El caso de Vista Alegre, sin embargo, representa el paradigma de esa burbuja inmobiliaria que dejó por el camino pisos a medio construir o urbanizaciones fantasma donde los inquilinos tienen que hacerse cargo de gastos de comunidades en las que tienen como indeseables vecinos a los bancos que han accedido a ellos mediante desahucios y quiebras. Y esas entidades, según denuncian organismos como la Cámara de la Propiedad, no siempre están al día con los pagos de recibos.

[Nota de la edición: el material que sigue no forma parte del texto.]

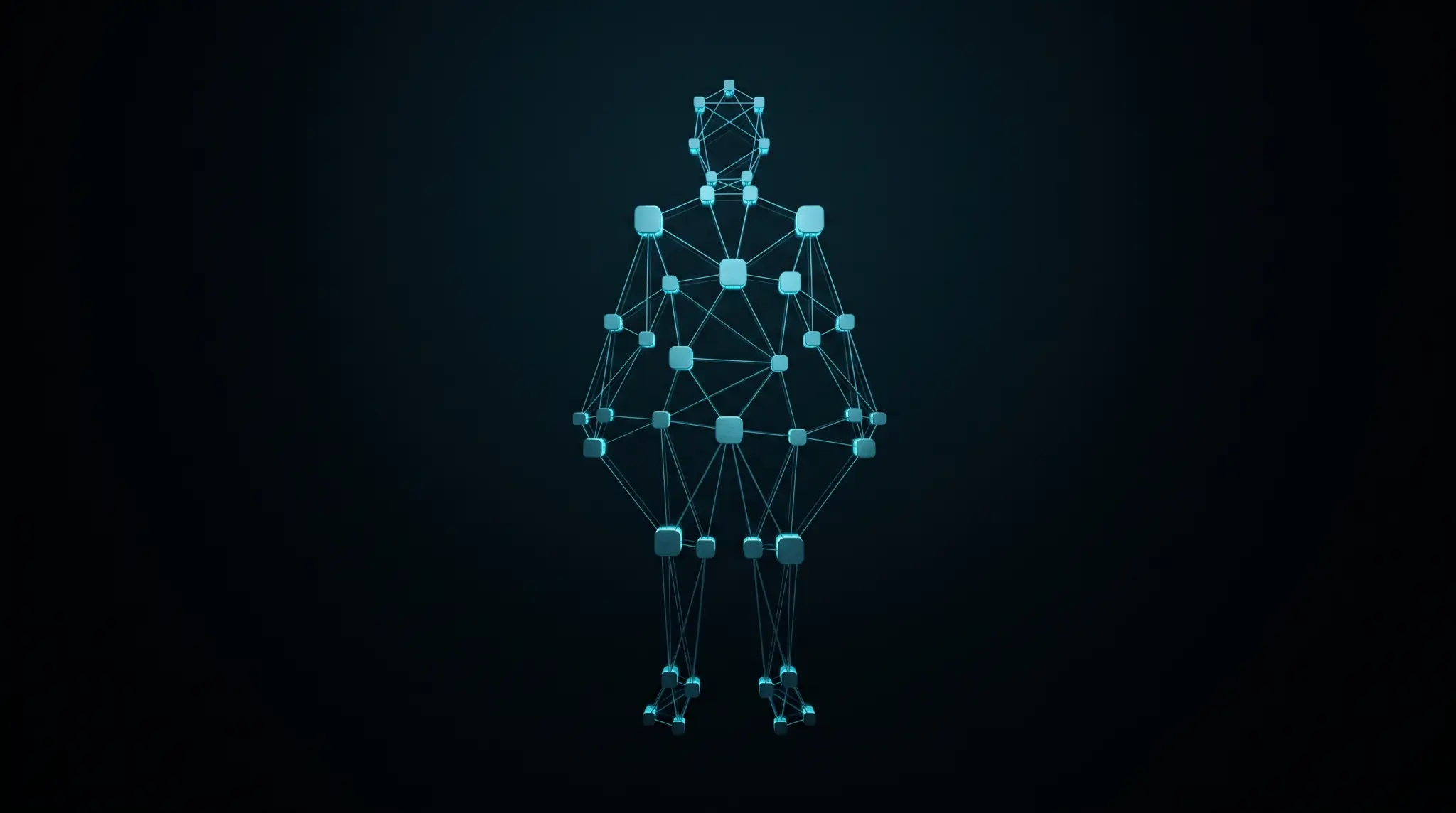 Constellation of connected nodes forming a humanoid outline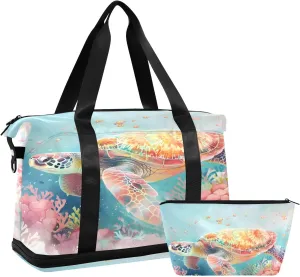 Marine Turtle Coral Soft Dream Travel Duffel Bag Waterproof Gym Sport Tote Bag Carry On Weekender Bag with Compartment
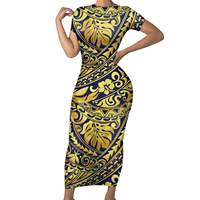 Vente en gros de vêtements fournisseur de robes pour femmes robe vintage jaune profond à imprimé floral polynésien pour femmes robe de grande taille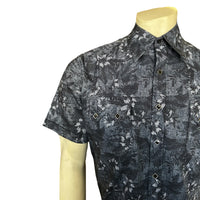 Men's Black Floral Print Short Sleeve Western Shirt by Rockmount Ranch Wear with floral print and snap button placket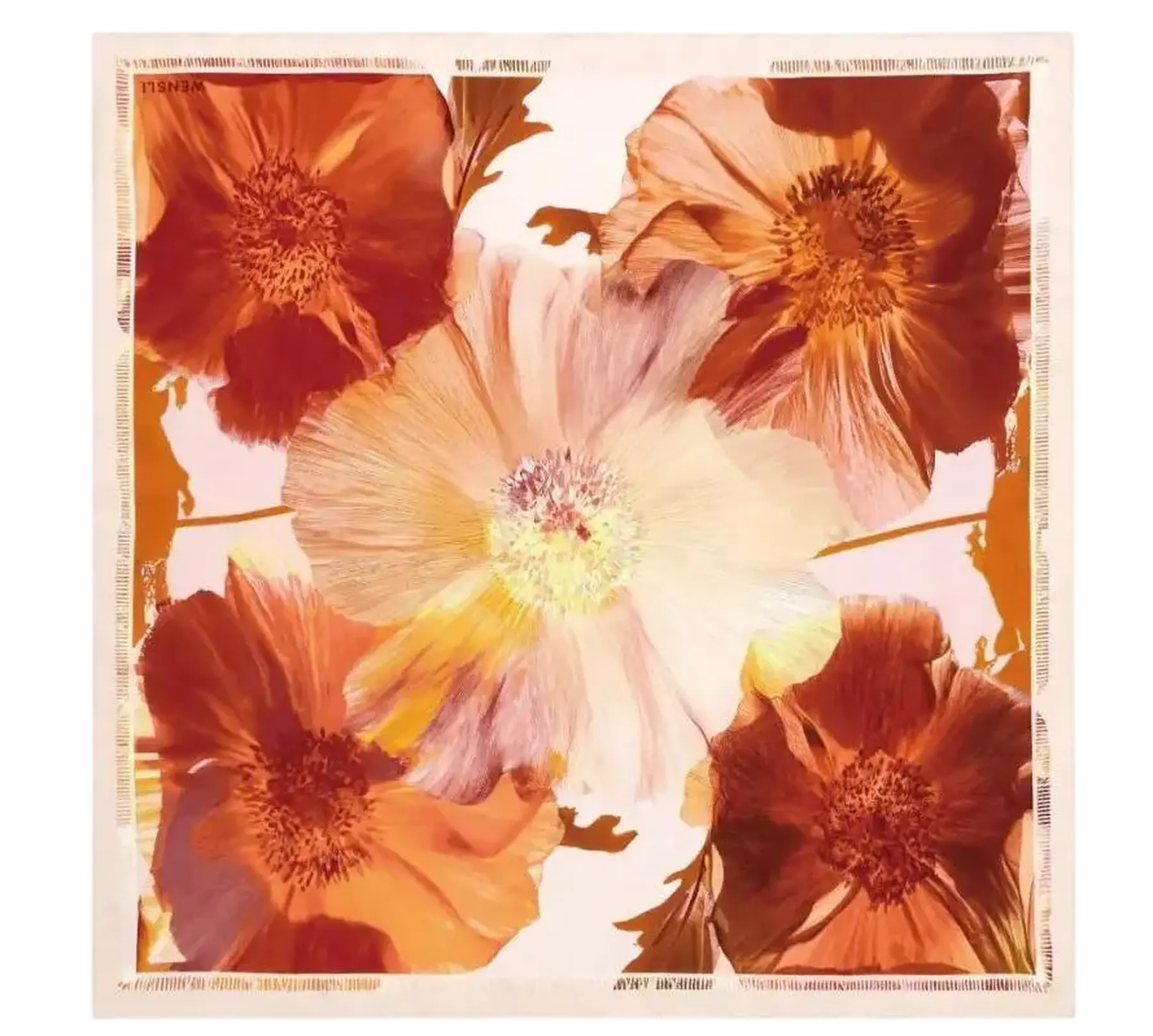 Les Camélias — Chestnut silk scarf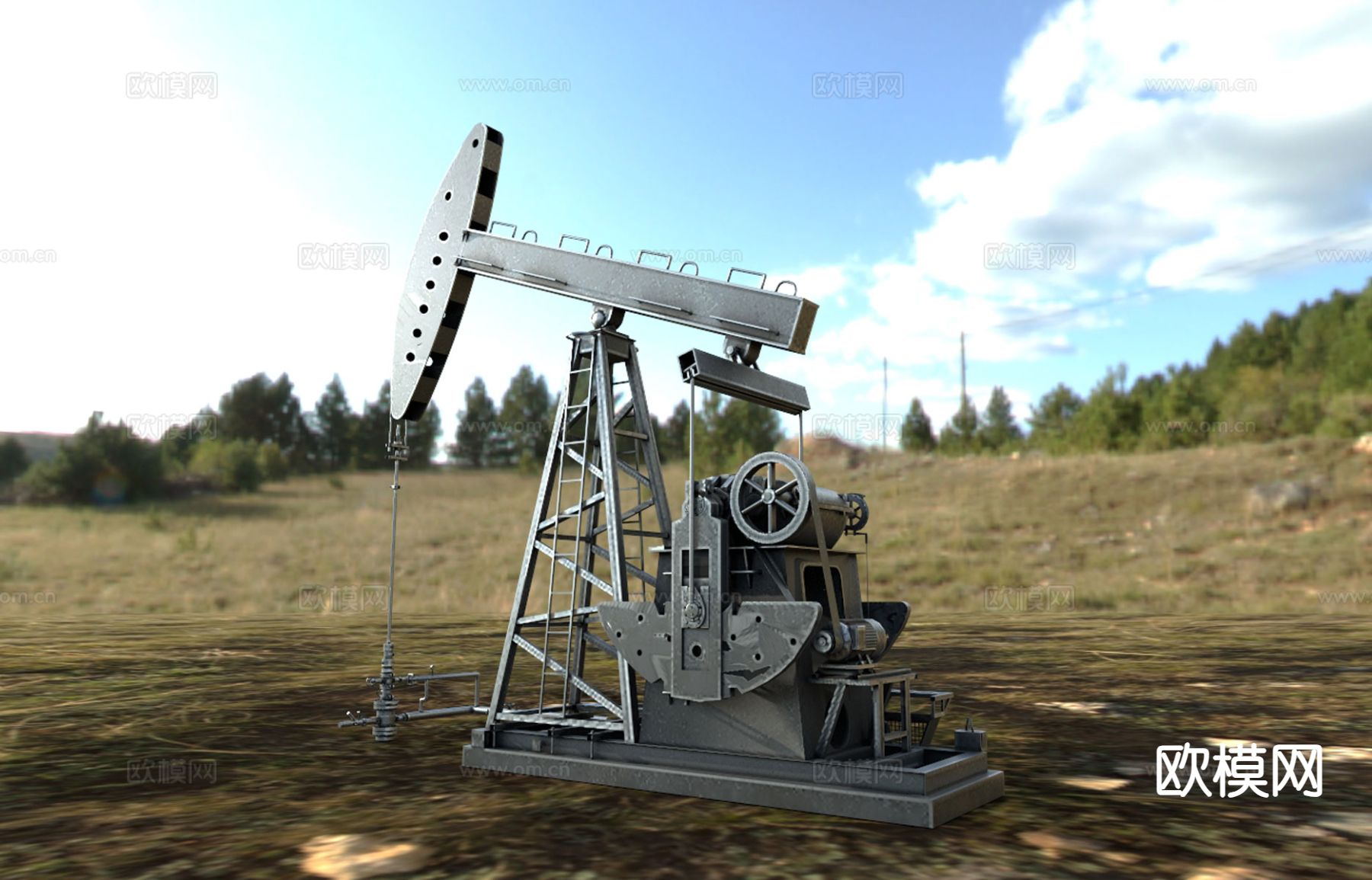 工业设备 抽油机 采油机3d模型下载（渲染图2）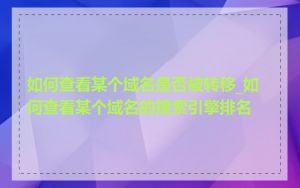 如何查看某个域名是否被转移_如何查看某个域名的搜索引擎排名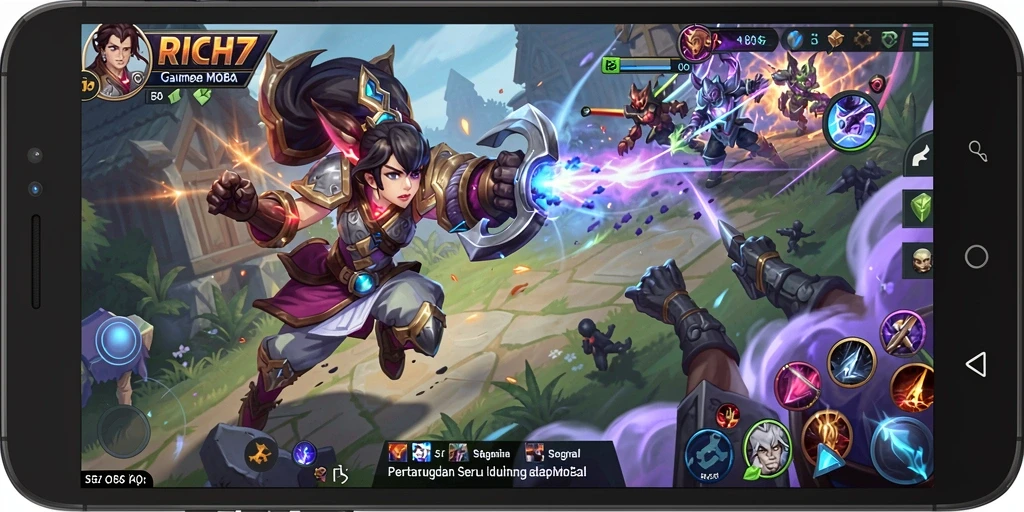 Tampilan menarik dari gameplay RICH7 yang penuh aksi.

Pero, independientemente del desastre inmobiliario, el Ayuntamiento, o sea el conjunto de los ciudadanos zamoranos, ha tenido que asumir los gastos para que esos habitantes tengan acceso a los mismos servicios que los del centro, esa zona que pierde población. La pierde en el que tradicionalmente se ha considerado el eje de mayor poder adquisitivo, desde el ensanche, en la zona de Víctor Gallego, La Marina y Tres Cruces, hacia el centro, Santa Clara y, de forma dramática, en el corazón del casco histórico, que ha visto cómo en un año se esfumaba el 8% de sus habitantes.

No es necesario ningún estudio sobre lo que cualquier paseante puede ver con sus propios ojos, en particular por la noche y en estos meses de invierno: la soledad de sus calles y la ausencia de bullicio de niños o jóvenes. Porque ese es el segundo elemento: la mayor parte de quienes viven en una zona privilegiada por su entorno son mayores de 65 años. Durante los años de bonanza los constructores se quejaron reiteradamente de que el Plan del Casco Histórico encorsetaba demasiado la construcción, que los obligatorios seguimientos arqueológicos, necesarios para la correcta conservación de tan importante patrimonio, encarecían aún más y ralentizaban las operaciones. El nuevo plan para la zona histórica que anunció reiteradamente el anterior equipo de Gobierno municipal nunca vio la luz.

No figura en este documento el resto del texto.